━━━━━ SUPPLIED INFORMATION ━━━━━

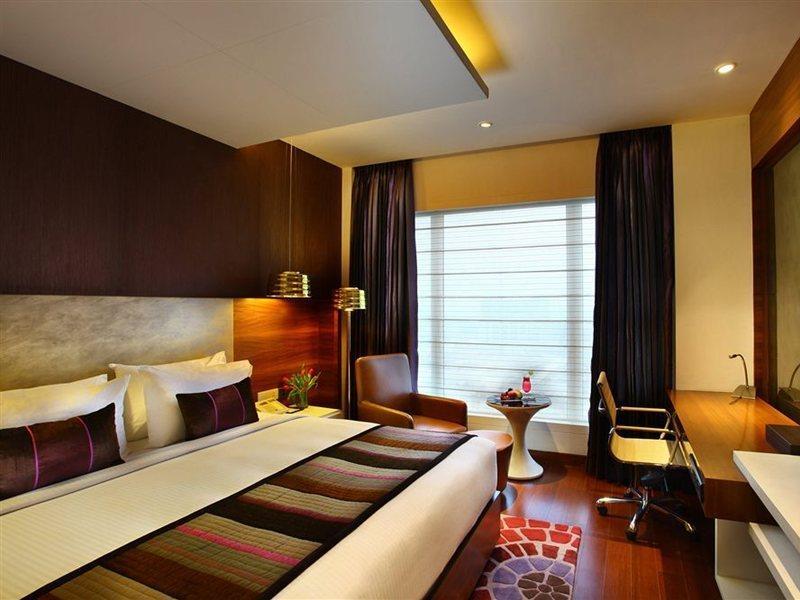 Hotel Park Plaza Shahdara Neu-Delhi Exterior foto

━━━━━
━━━━━ SUPPLIED INFORMATION ━━━━━

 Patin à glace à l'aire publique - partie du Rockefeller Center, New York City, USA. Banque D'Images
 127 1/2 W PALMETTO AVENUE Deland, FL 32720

━━━━━
━━━━━ SUPPLIED INFORMATION ━━━━━

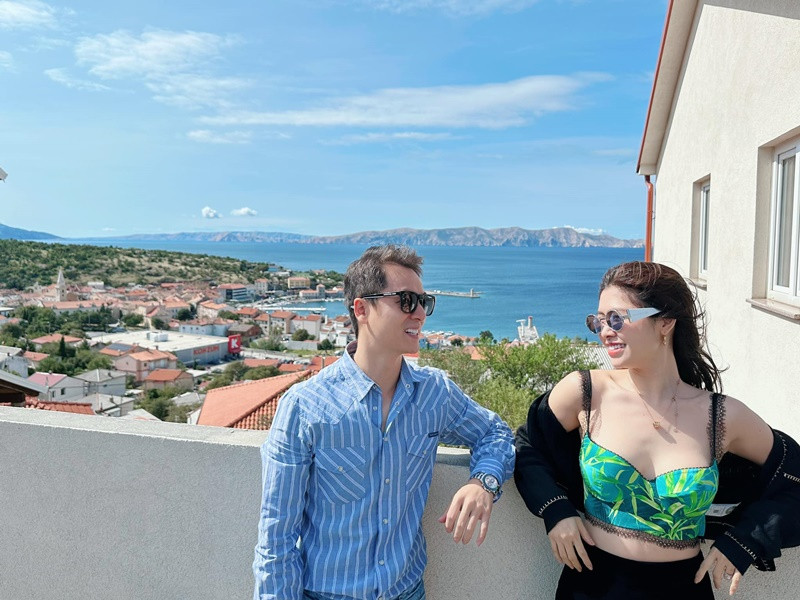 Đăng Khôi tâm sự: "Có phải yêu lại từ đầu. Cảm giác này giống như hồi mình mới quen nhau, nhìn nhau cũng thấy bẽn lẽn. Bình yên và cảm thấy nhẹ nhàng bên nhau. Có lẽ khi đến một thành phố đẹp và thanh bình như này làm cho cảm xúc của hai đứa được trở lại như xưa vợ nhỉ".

━━━━━

__TASK DIRECTIONS__. What you give back should be only the lines of the records above, starting at the line with "Patin à glace" and ending at the line with "127 1/2 W PALMETTO AVENUE Deland, FL 32720", restated word for word.

__EXERCISE SOLUTION__.
 Patin à glace à l'aire publique - partie du Rockefeller Center, New York City, USA. Banque D'Images
 127 1/2 W PALMETTO AVENUE Deland, FL 32720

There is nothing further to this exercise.